Per poter fare teatro classico ho dovuto studiare dizione e quando torno a Sassari un po’ mi fa male se, parlando, non riconoscono la mia provenienza  ma di certo non avrei potuto farlo con un accento evidente. Della mia terra mi porto dentro la  sardità totale, Giorgio mi chiamava “ sua sardità”. Sono paziente ma se mi arrabbio non mi passa subito. Dentro di me riconosco scritti i codici tipici della Sardegna: non amo il pettegolezzo, parlo poco, parlo con gli sguardi e tante altre cose, come l’amore per il cibo e per il buon vino. Non a caso anche qui scelgo ristoranti prevalentemente sardi, è un senso di appartenenza tipico degli isolani. 

I tuoi prossimi progetti? 

Con Edoardo Siravo saremo in teatro e porteremo l’Aulularia di Plauto, la pentola d’oro, in latino. Con il produttore abbiamo fatto questa scelta, ancor prima che Giorgio se ne andasse, di fare una cosa per quando lui non ci sarebbe più stato perché sarebbe stato troppo doloroso andare in scena con Shakespeare ad esempio ricordando come lo faceva lui. Soprattutto per tutti noi della compagnia che gli siamo stati così vicini: si diventa una famiglia, con tecnici, attori e registi. E poi Giorgio, essendo anche una persona d’età, aveva forse bisogno di circondarsi di gente di cui si fidava, sulla scena così come nella vita. Scegliere di fare l’Aulularia in latino è stato prendere un attimo di fiato, all’inizio il produttore voleva fare il Mercante di Venezia, ma noi ci siamo opposti. Pensare allo Shylock straordinario che faceva Giorgio e riproporlo sarebbe stato assurdo. Il nostro Plauto non sarà barboso, una commedia molto simile al teatro fisico di Dario Fo, un grammelot ed è un modo per riportare questo autore ai suoni del teatro romano del tempo. E poi sarà molto adatto ai giovani:  pensa che debutteremo al Ghione a marzo e so che la piantina è già quasi tutta piena. E poi con il giornalista David Gramiccioli, porteremo in scena  uno spettacolo che racconta il ballo nel ‘900 partendo dal tango fino alla discoteca, un excursus che coinvolgerà attori e ballerini. 

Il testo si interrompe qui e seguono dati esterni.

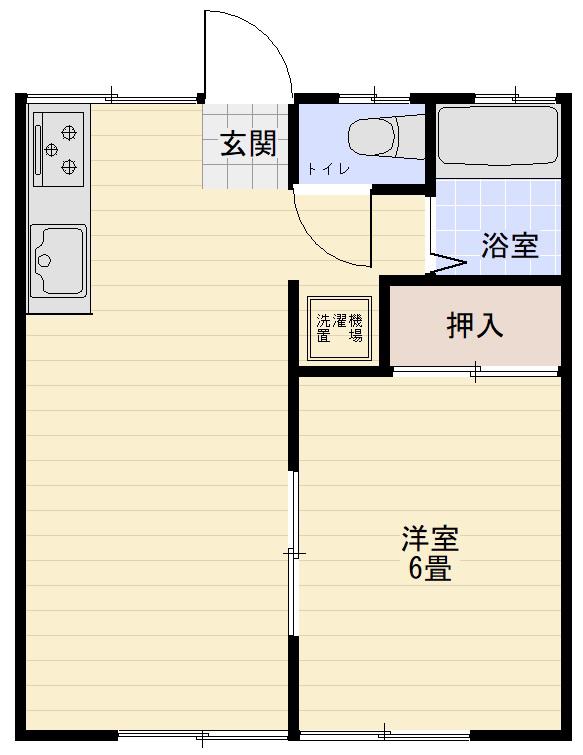 富士ハイツD(1LDK/1階)の間取り写真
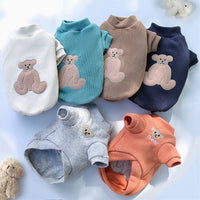 HKM-0011325 Warm Embroidered Bear Pet Shirt with Stripes in Multiple Colors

Quando giustamente ti viene riconosciuto che tu raccogli un po’ l’eredità di Giorgio Albertazzi come ti senti e soprattutto come speri di onorare il suo ricordo nel tuo percorso artistico?

Sicuramente è un’eredità  molto importante, che mi dà una grande responsabilità. Non mi auguro chissà cosa per il mio futuro,  che so un film con Ozpetek o chissà con quale altro regista altisonante. Spero di non perdere la mia onestà intellettuale,  quella che mi ha insegnato lui e di non diventare l’ennesima attrice che fa questo per mestiere, per guadagnare. Voglio continuare ad essere curiosa e non accontentarmi mai. 

Questa doveva essere l’ultima domanda per Stefania Masala, ma poi, come in un flusso continuo l’intervista, anzi la chiacchierata, è proseguita  con una serie di suoi ricordi bellissimi. Il suo amore grandissimo per il nonno Giovanni che dopo la sua morte, le ha lasciato quasi in eredità, la straordinaria coincidenza  di incontrare le persone a lei più care tutte con un nome che cominciava con la G, quasi un modo per tenerla per mano.  E poi quando a Natale scorso Giorgio Albertazzi le aveva chiesto se poteva adottarla come figlia perché era la figlia che aveva sempre desiderato “ Le persone che sono entrate nella vita di Giorgio raramente ne sono uscite, se non per una loro scelta” – mi ha rivelato Stefania “ lui lasciava sempre la porta aperta, anche nella delusione, non cambiava, diceva che se si comportavano in un determinato modo era un problema loro, non suo, non si è mai incattivito. E mi spiace non aver visto al suo funerale le Istituzioni, non gli hanno mai perdonato la Repubblica di Salò, ma ogni qualvolta se ne parlava, Giorgio piangeva e ti giuro era dolorosissimo vedere un uomo di quella statura soffrire per una cosa trattata con tanta superficialità”. Non so quando io e Stefania Masala abbiamo effettivamente chiuso l’intervista, io non avevo voglia di riattaccare in fondo per scoprire ancora di più di lei e di questo suo “ papà” artistico speciale e lei non voleva, credo, smettere di raccontare. Tutto quello che è capitato in mezzo a questo dialogo era forse già scritto in un copione improvvisato, voluto,  previsto non qui, ma  da qualche altra parte, forse in alto.